The current variable hashrate allocation algorithm doesn't handle 10x changes in price very well. I'll need to modify that first before I can test that. I don't expect any gotchas.

With ASERT, if mining becomes extremely unprofitable, a severe dry spell can be broken by only one block. In the worst-case scenario, if the dry spell lasts long enough, there can actually be a specific and strong incentive to rescue a stalled chain. For example, with tau = 144*600(1 day) -- roughly N=208 with the numbers we've been using so far for a power-of-2-not-e ASERT -- the difficulty would halve after each day that passes. If the price drops by 75%, you would need to delay cumulatively by 2 days in order to return to equilibrium. After 2 days have elapsed, the difficulty will start to overshoot equilibrium. If miners allow 54 hours to elapse, that means that blocks would be 19% more profitable than equilibrium for a while. This means that a miner could mine the 1st block at a loss, and then selfishly mine another 4-36 blocks in rapid succession at a profit. If they amortize the cost of the first difficulty-resetting block over the next 4 blocks, they break even on the 4th block, and everything after that is profit.

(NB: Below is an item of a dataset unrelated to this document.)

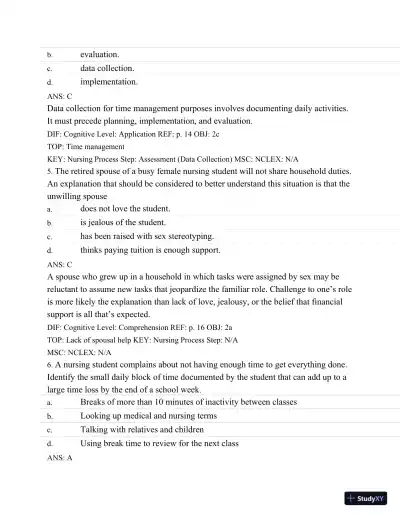 Test Bank For Success In Practical/Vocational Nursing: From Student To Leader, 7th Edition - Page 18 preview image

As for RTTs: the kyuupichan difficulty simulation engine can't handle RTTs. I also don't think RTTs are necessary or helpful: a heavy RTT would increase orphan rates, and a mild RTT would solve a problem (hashrate abandonment) that I don't think BCH will have. So I'm not personally interested in investing my time in developing them. If there are going to be RTT proposals for the Nov 15 hard fork, they will have to be championed by someone else. Maybe you?

jacob-eliosoff commented 4 years ago

Wow, yeah, ema-1d is really crapping its pants in the ft100 scenario (I see it too). I wonder why that is... Probably the following line? Anyway we can rule out that one for now.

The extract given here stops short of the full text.